- Grady Grady
- Coordinates: 34°1′13″N 97°39′56″W﻿ / ﻿34.02028°N 97.66556°W
- Country: United States
- State: Oklahoma
- County: Jefferson
- Elevation: 850 ft (260 m)
- Time zone: UTC-6 (Central (CST))
- • Summer (DST): UTC-5 (CDT)
- ZIP codes: 73569
- GNIS feature ID: 1093288

= Grady, Oklahoma =

Grady is a small rural unincorporated community in southeastern Jefferson County, Oklahoma, United States, along State Highway 32, southeast of the county seat of Waurika. The post office opened June 16, 1890. The ZIP Code is 73569. Grady is said to have been named for Henry W. Grady.

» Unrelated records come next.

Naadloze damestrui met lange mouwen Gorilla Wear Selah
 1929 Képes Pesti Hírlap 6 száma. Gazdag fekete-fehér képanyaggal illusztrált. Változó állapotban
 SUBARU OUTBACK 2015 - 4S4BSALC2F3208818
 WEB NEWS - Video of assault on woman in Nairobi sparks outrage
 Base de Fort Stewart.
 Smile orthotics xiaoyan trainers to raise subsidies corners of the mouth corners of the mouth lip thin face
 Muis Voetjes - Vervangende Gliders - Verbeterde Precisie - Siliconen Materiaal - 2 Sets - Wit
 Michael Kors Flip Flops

The town had a school which was in operation until around 1967, when it then consolidated and the kids had the option to go to either Ringling or Ryan. Besides a school, it had at one point a grocery store, a cotton gin, blacksmith shop, church, and even a town doctor. The church operated as a Baptist church for 3/4 Sundays of the month, while the other Sunday operated as a Methodist church. It stopped around 1952 and converted to a Methodist only church and operated as a Methodist church until about 1958. Now, the only things in Grady are a couple of houses and a nice metal building serving as the community center.